#### [Supplied data]

────────────────────

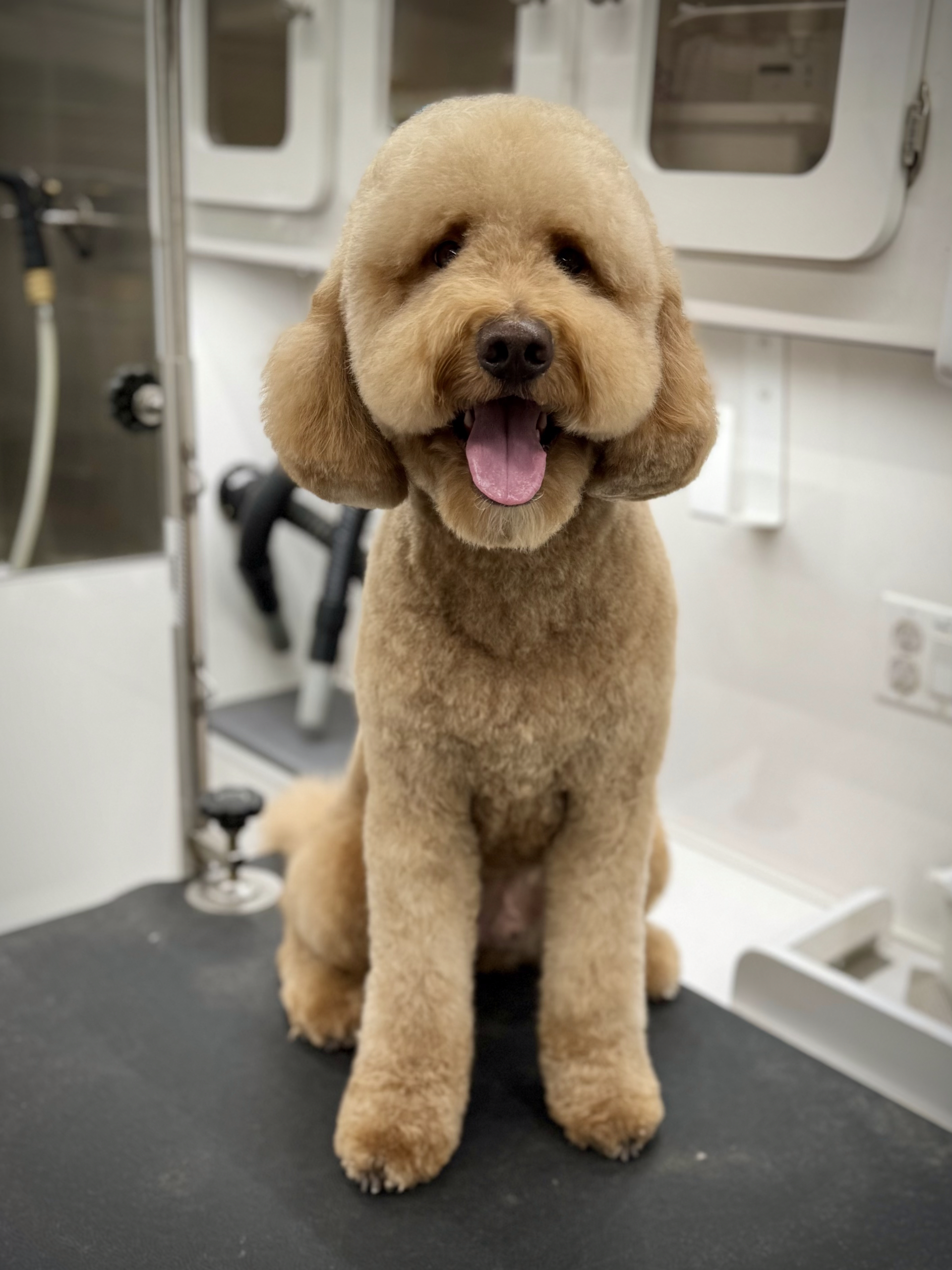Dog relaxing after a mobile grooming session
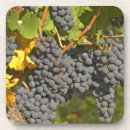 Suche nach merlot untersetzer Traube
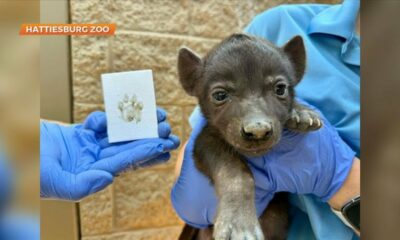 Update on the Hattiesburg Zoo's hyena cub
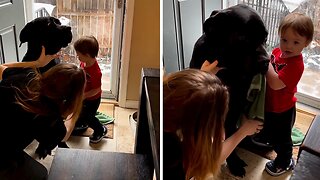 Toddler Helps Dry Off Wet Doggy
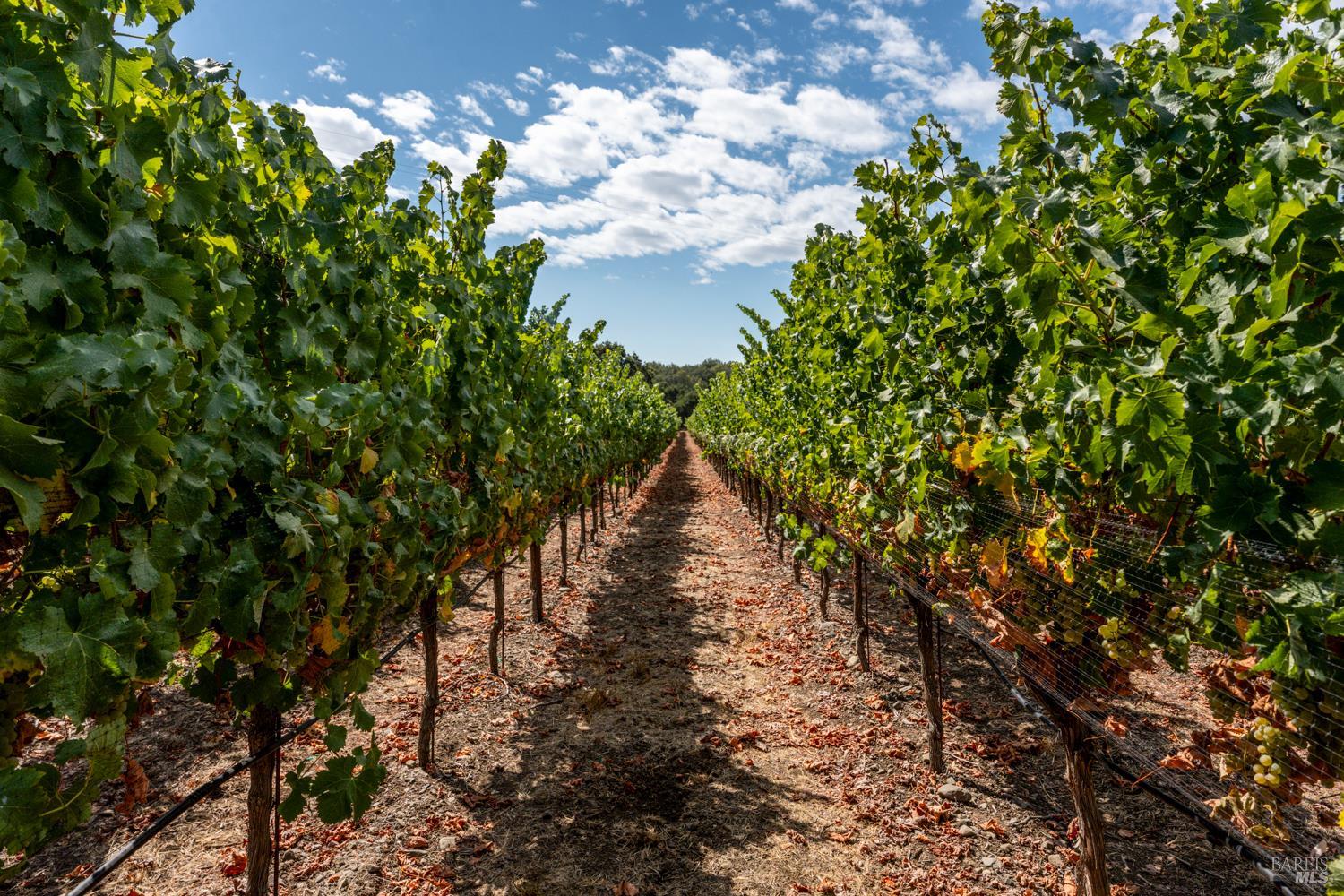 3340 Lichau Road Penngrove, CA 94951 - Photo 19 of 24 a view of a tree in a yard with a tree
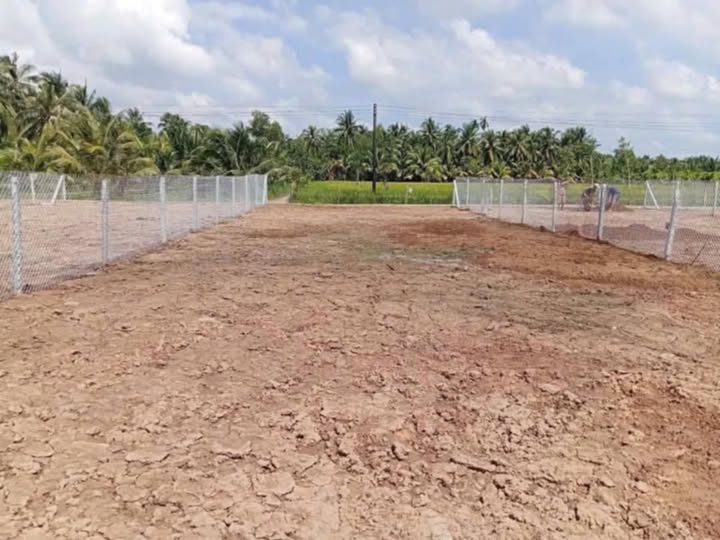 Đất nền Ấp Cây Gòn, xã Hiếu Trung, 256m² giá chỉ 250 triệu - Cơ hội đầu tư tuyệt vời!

────────────────────

#### [Task statement]
Restate the whole listing above exactly, except for its images.

#### [Output of the task]
Dog relaxing after a mobile grooming session
 Suche nach merlot untersetzer Traube
 Update on the Hattiesburg Zoo's hyena cub
 Toddler Helps Dry Off Wet Doggy
 3340 Lichau Road Penngrove, CA 94951 - Photo 19 of 24 a view of a tree in a yard with a tree
 Đất nền Ấp Cây Gòn, xã Hiếu Trung, 256m² giá chỉ 250 triệu - Cơ hội đầu tư tuyệt vời!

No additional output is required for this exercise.